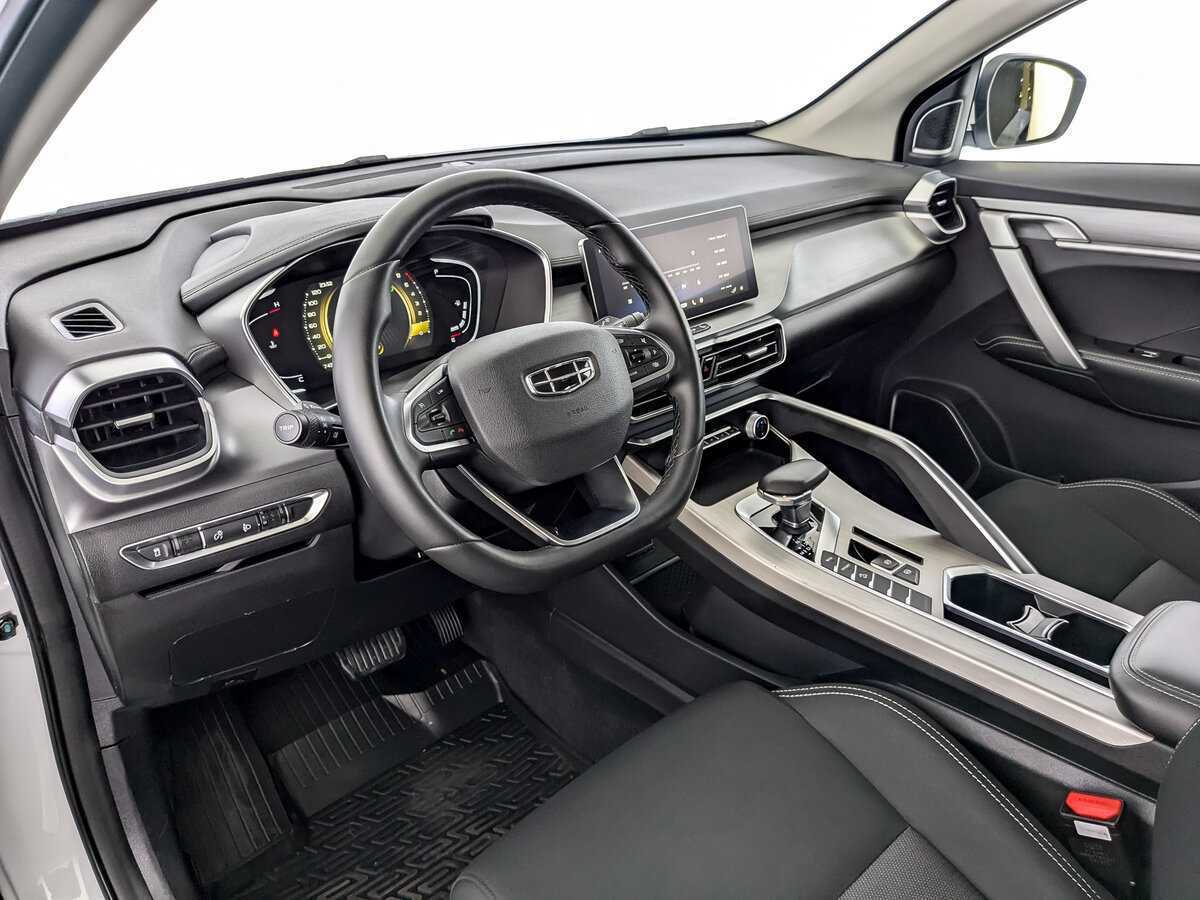 Купить Geely Coolray, 2023, 74 333 км, фото №15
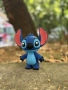 Фигурки Stitch и Angel с въртяща глава, снимка 2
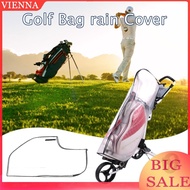 PVC Golf Bag Protector Anti-Static Golf Pole Bag Cover Outdoor Sporting Supplies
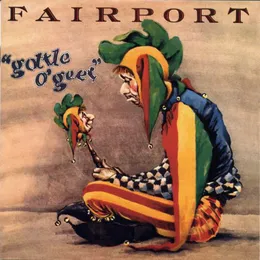 Gottle o' Geer von Fairport Convention – Album Cover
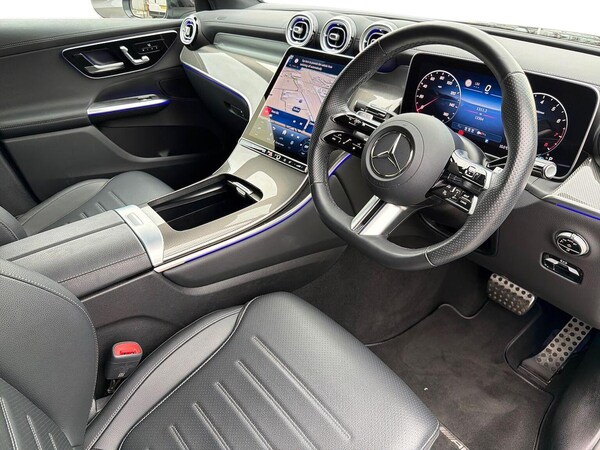 Used Mercedes-Benz GLC 2024 for sale - 76134313: Photo 15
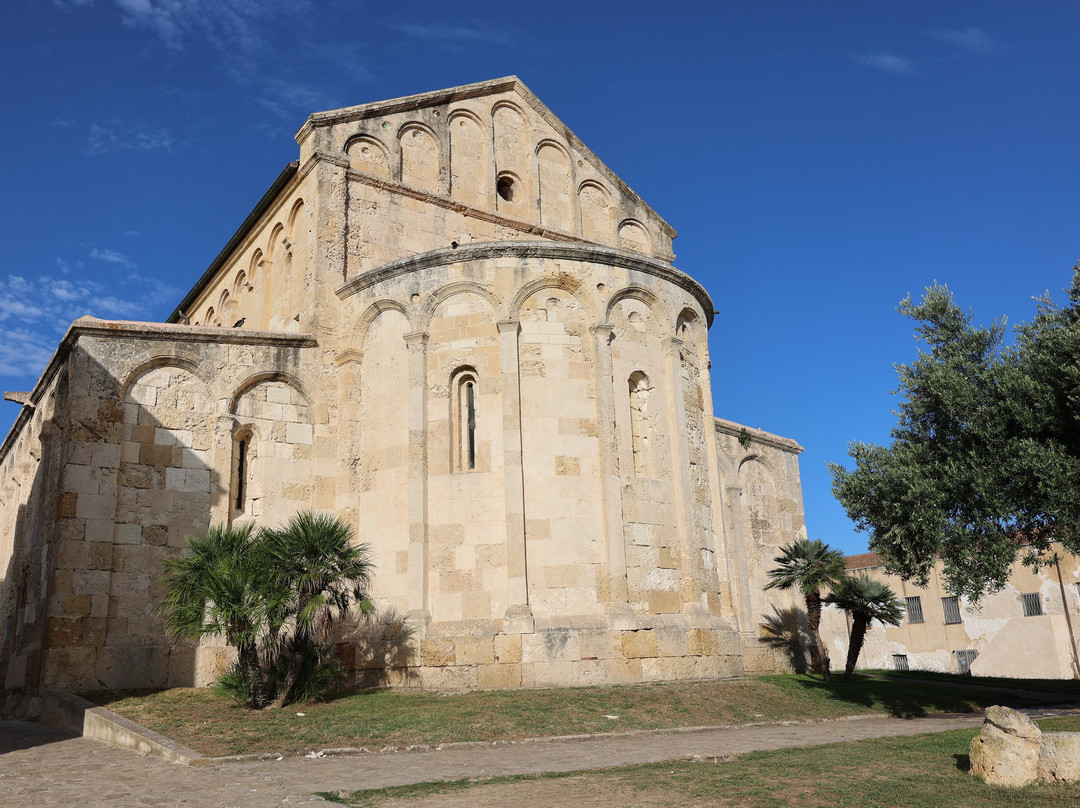 Basilica San Gavino-Porto Torres必去景点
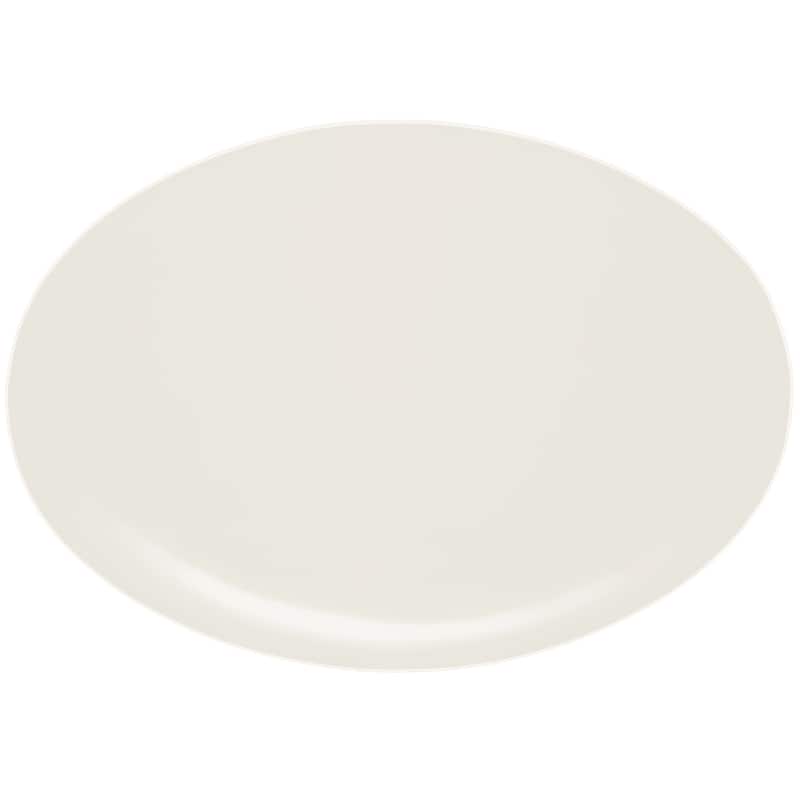 Noritake Colorwave Oval Platter, 16" - White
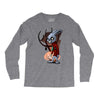 death bunny. Long Sleeve Shirts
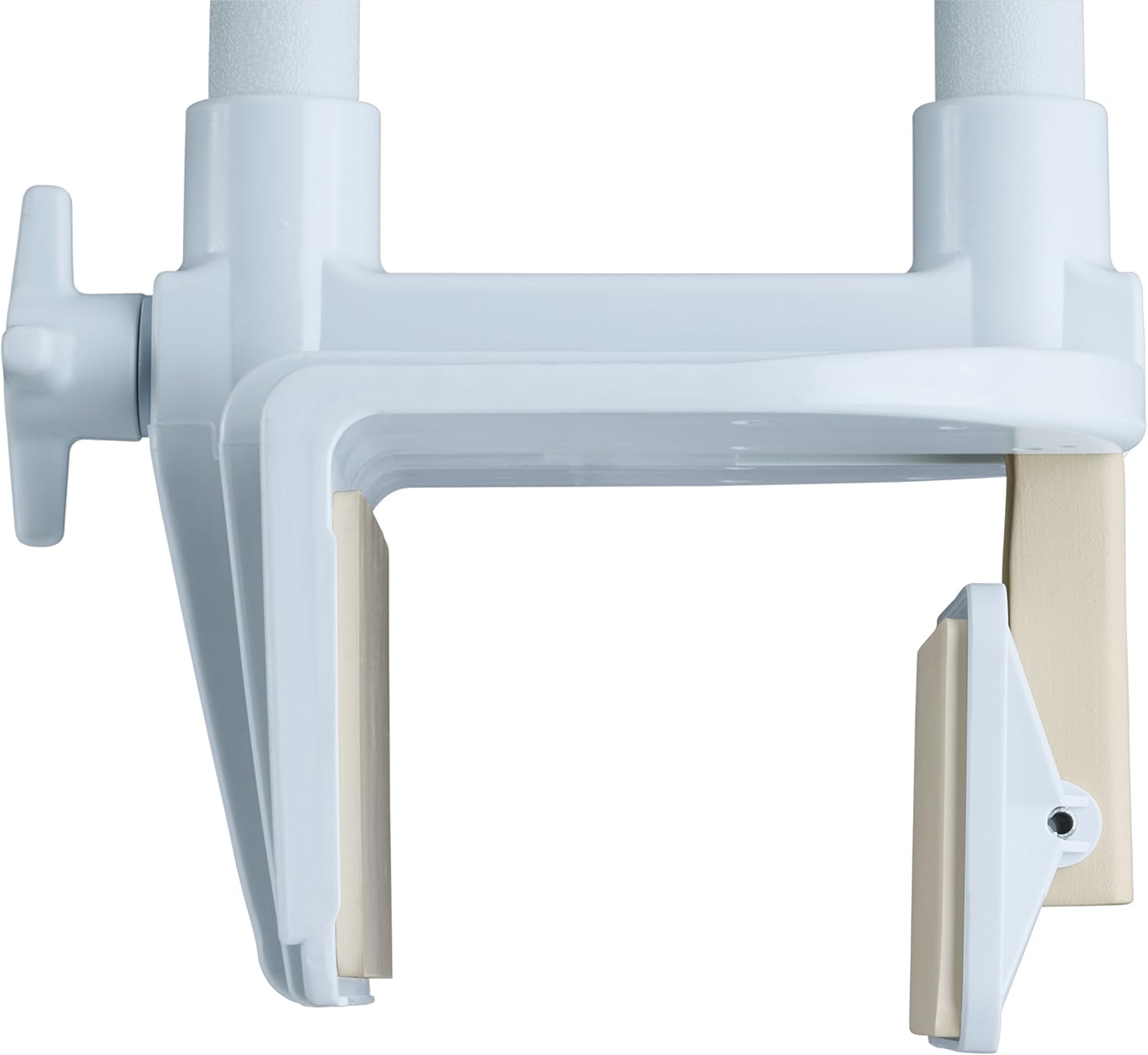 Medline Bathtub Safety Grab Bar, Shower Rail, Microban Antimicrobial Protection: Health & Personal Care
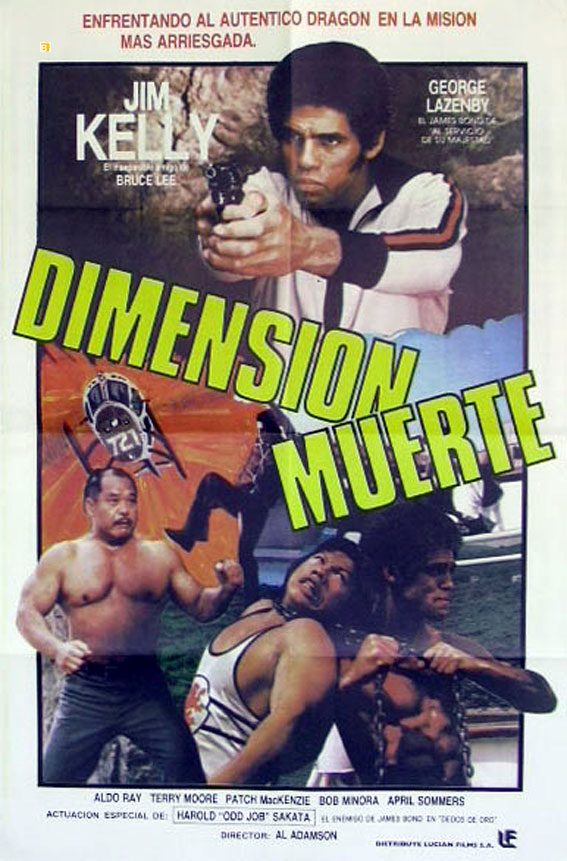 DIMENSION MUERTE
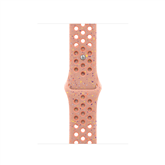 Apple Nike Sport Band, 42 mm, M/L, roosa - Kellarihm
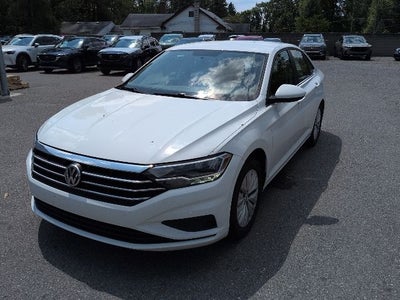 2019 Volkswagen Jetta 1.4T S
------------
EXERCISE DESCRIPTION »
Starting at the line that holds "death bunny. Long Sleeve Shirts", print each line through the last one of the entries above, exactly and with both ends included; no pictures.

OUTPUT »
 death bunny. Long Sleeve Shirts
 Medline Bathtub Safety Grab Bar, Shower Rail, Microban Antimicrobial Protection: Health & Personal Care
 DIMENSION MUERTE
 Apple Nike Sport Band, 42 mm, M/L, roosa - Kellarihm
 2019 Volkswagen Jetta 1.4T S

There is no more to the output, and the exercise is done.